ACTIVITY. In the entries below, begin at the line that has "It's a new 2019", stop after the line that has "What internships can't", and output those lines exactly with no pictures.

DATA SECTION.

------------------------------------------------

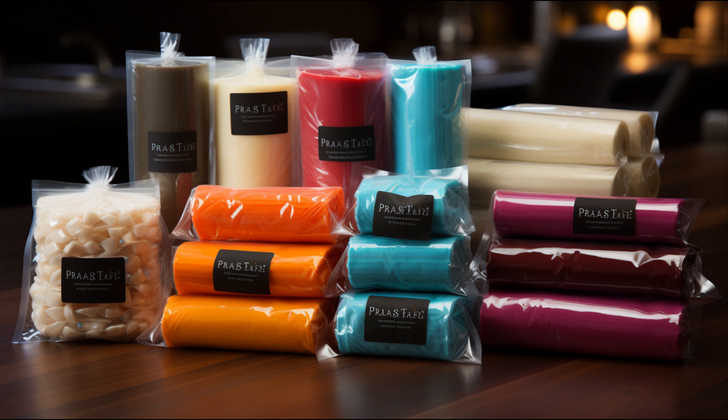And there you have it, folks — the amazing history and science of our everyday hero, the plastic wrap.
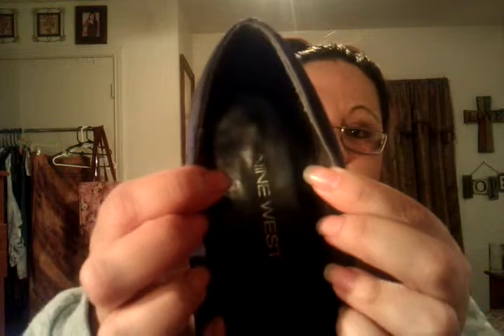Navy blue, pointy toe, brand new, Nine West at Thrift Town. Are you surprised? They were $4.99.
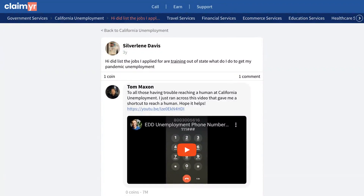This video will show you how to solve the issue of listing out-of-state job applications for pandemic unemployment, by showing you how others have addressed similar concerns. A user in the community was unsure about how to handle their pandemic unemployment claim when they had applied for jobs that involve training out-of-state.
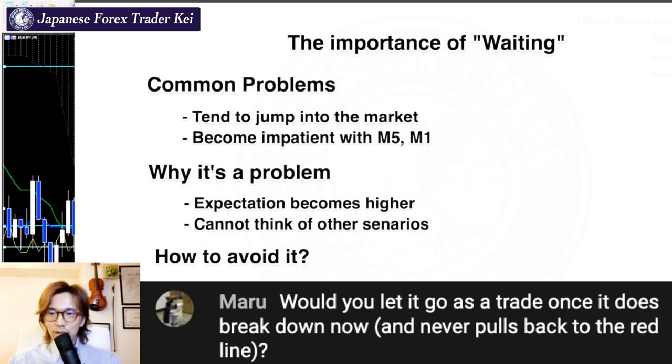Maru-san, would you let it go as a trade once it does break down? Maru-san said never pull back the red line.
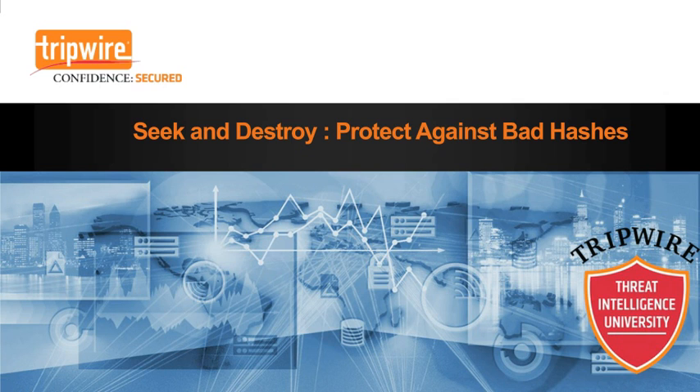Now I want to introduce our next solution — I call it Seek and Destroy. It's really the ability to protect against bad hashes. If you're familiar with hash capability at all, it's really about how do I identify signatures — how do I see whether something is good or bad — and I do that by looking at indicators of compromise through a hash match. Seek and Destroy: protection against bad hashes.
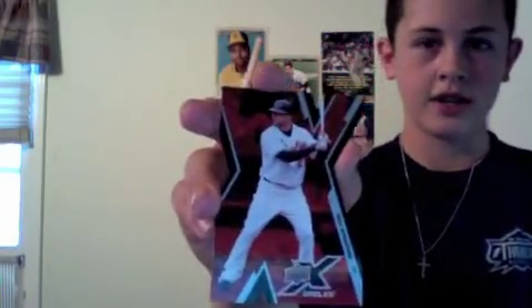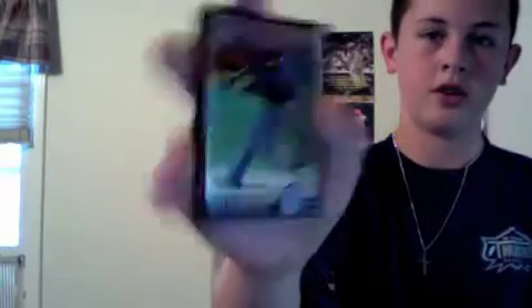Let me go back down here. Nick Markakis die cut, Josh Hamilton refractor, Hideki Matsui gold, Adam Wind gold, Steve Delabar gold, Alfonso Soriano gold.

------------------------------------------------

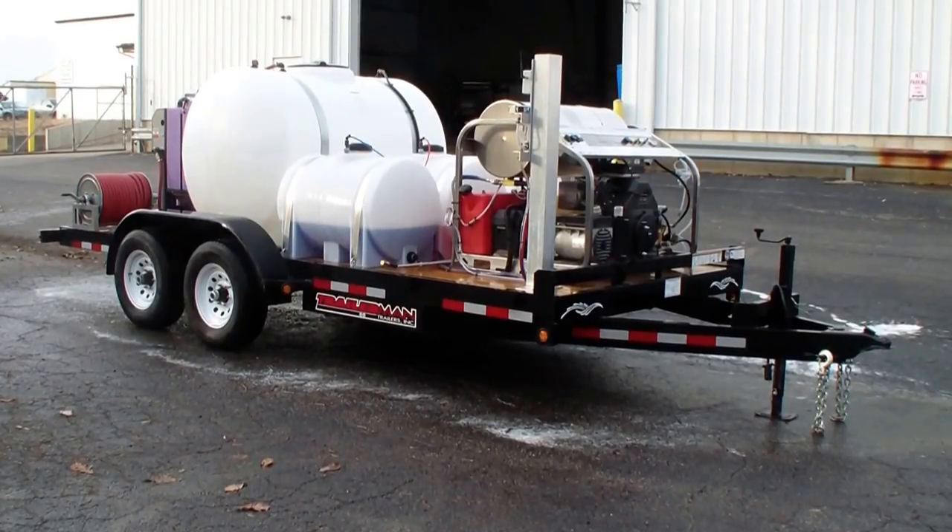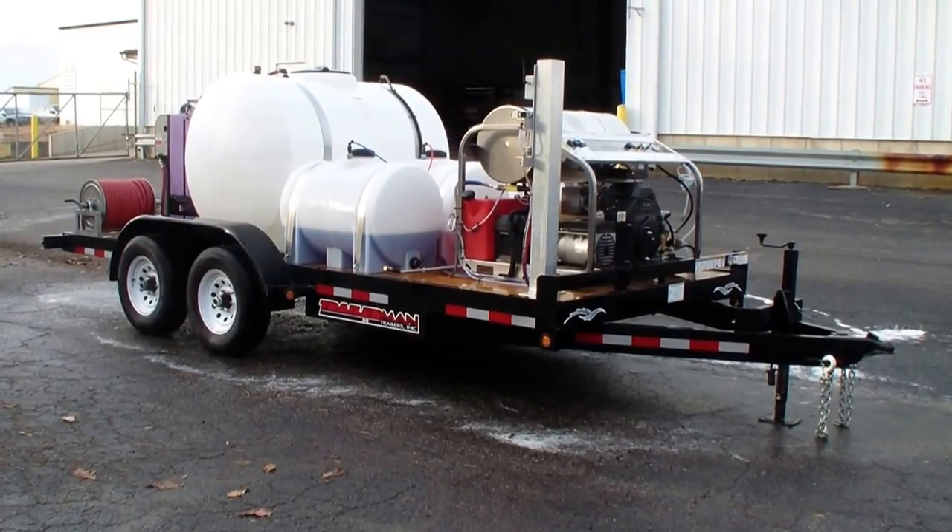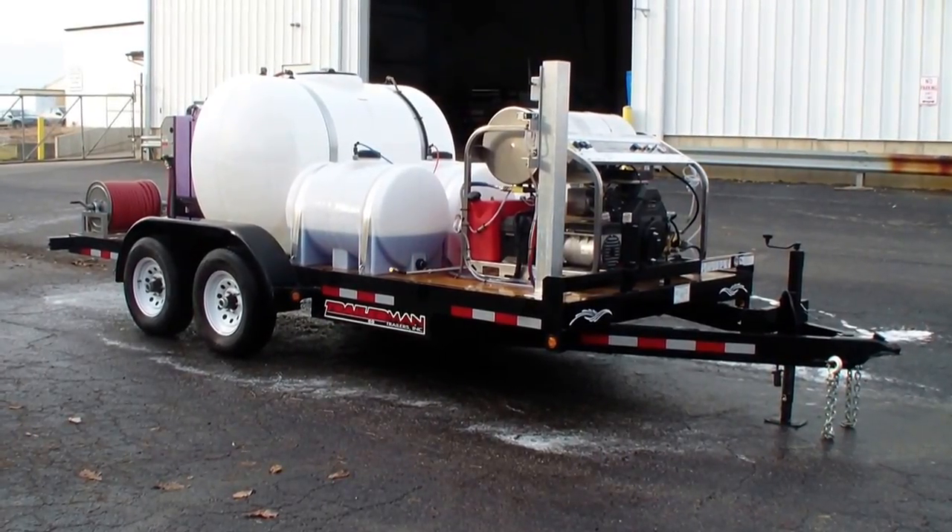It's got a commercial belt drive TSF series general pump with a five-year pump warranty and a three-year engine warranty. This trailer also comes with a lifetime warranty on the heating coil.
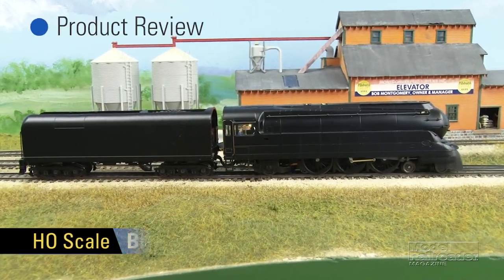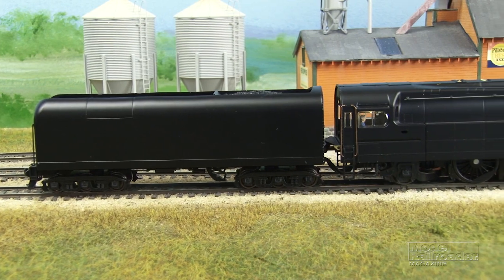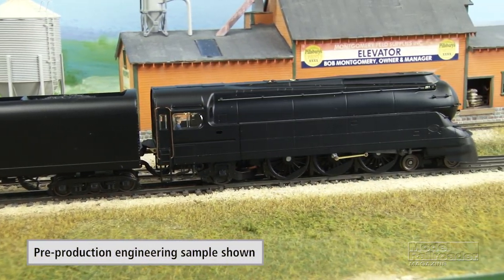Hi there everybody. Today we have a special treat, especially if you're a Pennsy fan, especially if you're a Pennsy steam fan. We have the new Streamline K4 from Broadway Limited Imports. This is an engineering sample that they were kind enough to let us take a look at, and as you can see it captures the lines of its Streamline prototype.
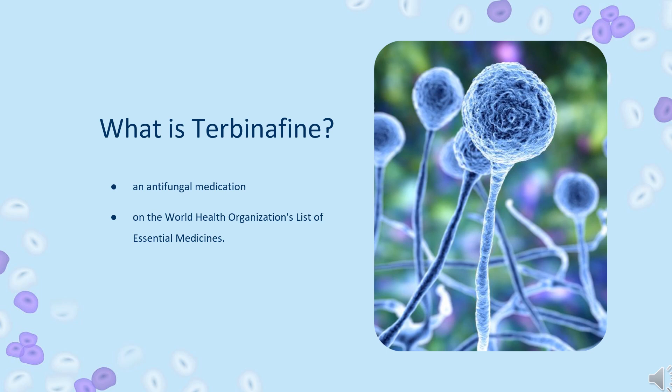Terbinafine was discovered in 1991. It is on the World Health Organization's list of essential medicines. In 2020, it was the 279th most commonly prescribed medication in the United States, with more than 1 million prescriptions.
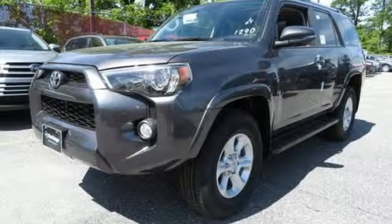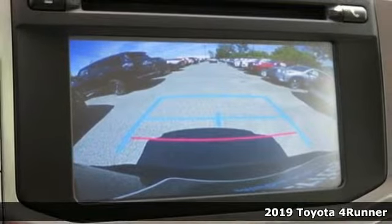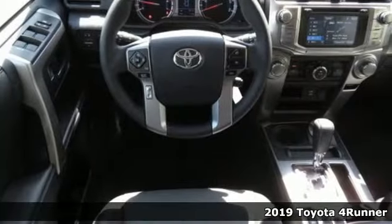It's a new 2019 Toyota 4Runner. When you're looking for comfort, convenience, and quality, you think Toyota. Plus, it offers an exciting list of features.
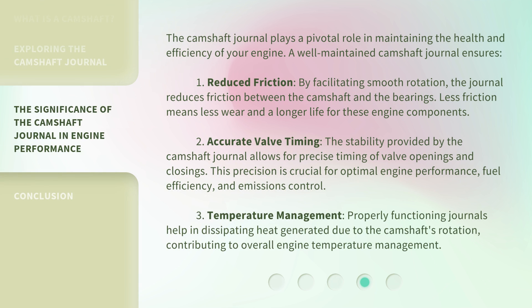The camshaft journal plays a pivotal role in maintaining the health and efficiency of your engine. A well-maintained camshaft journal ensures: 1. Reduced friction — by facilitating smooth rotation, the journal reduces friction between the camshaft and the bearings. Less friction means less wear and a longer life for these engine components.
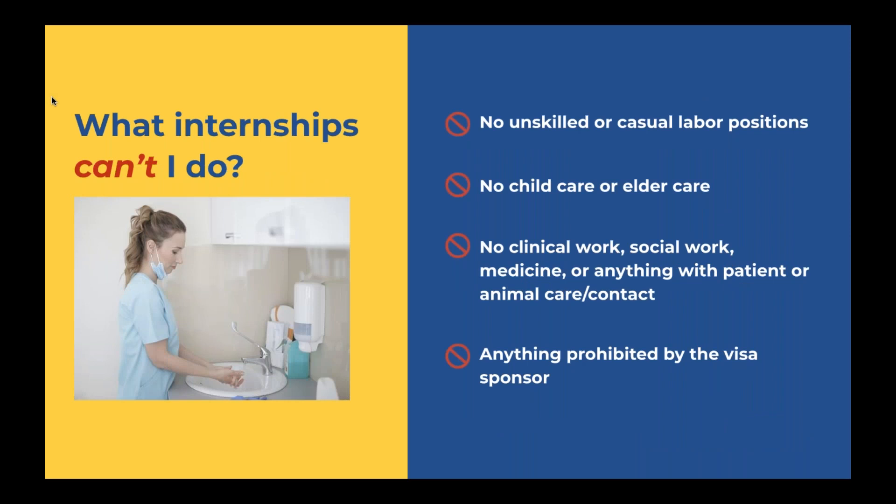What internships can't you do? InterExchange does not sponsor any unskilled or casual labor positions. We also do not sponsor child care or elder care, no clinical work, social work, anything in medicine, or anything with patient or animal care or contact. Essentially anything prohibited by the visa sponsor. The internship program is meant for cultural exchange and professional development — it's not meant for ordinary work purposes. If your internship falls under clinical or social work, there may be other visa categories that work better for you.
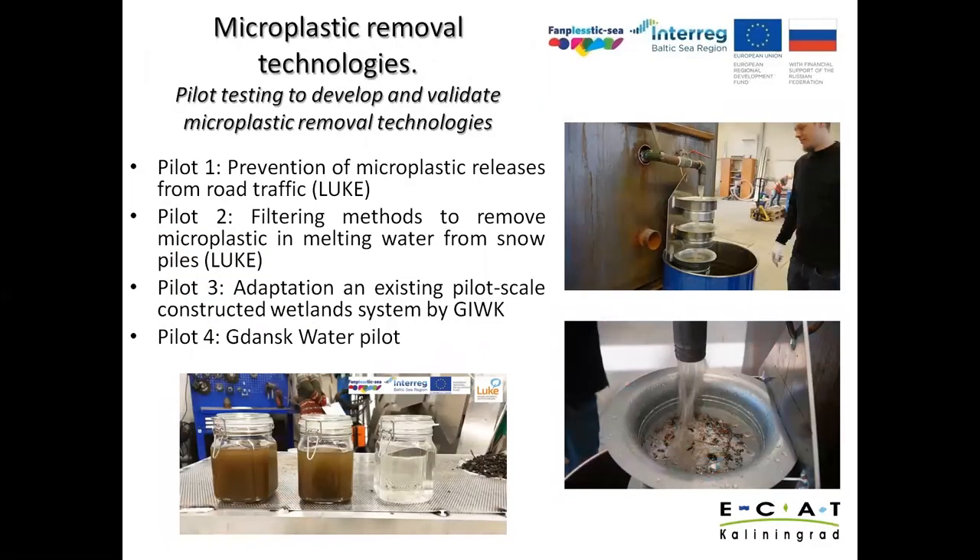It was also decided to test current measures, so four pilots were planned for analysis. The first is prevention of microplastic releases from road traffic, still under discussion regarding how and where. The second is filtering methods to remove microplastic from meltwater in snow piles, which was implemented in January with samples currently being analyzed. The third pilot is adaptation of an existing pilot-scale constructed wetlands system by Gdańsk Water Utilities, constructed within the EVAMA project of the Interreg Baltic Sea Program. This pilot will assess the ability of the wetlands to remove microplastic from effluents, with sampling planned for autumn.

------------------------------------------------

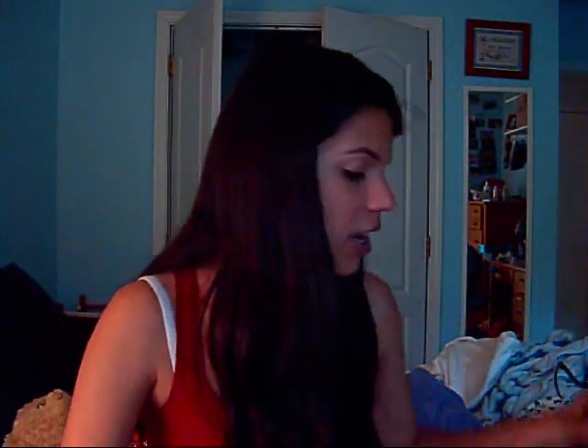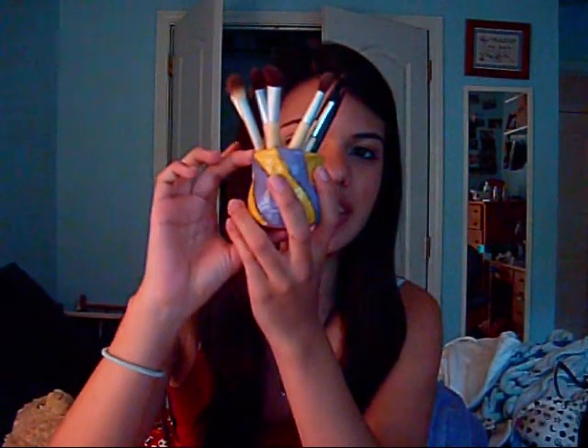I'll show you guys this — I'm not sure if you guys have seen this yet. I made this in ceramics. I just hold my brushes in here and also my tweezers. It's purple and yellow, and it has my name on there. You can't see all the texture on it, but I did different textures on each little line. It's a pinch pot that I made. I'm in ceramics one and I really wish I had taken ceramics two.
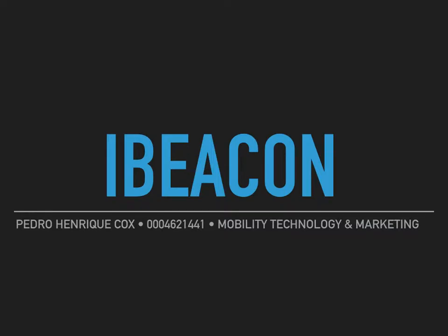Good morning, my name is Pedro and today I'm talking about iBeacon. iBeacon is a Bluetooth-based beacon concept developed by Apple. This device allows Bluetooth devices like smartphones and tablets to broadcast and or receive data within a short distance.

------------------------------------------------

YOUR RESPONSE.
It's a new 2019 Toyota 4Runner. When you're looking for comfort, convenience, and quality, you think Toyota. Plus, it offers an exciting list of features.
The camshaft journal plays a pivotal role in maintaining the health and efficiency of your engine. A well-maintained camshaft journal ensures: 1. Reduced friction — by facilitating smooth rotation, the journal reduces friction between the camshaft and the bearings. Less friction means less wear and a longer life for these engine components.
What internships can't you do? InterExchange does not sponsor any unskilled or casual labor positions. We also do not sponsor child care or elder care, no clinical work, social work, anything in medicine, or anything with patient or animal care or contact. Essentially anything prohibited by the visa sponsor. The internship program is meant for cultural exchange and professional development — it's not meant for ordinary work purposes. If your internship falls under clinical or social work, there may be other visa categories that work better for you.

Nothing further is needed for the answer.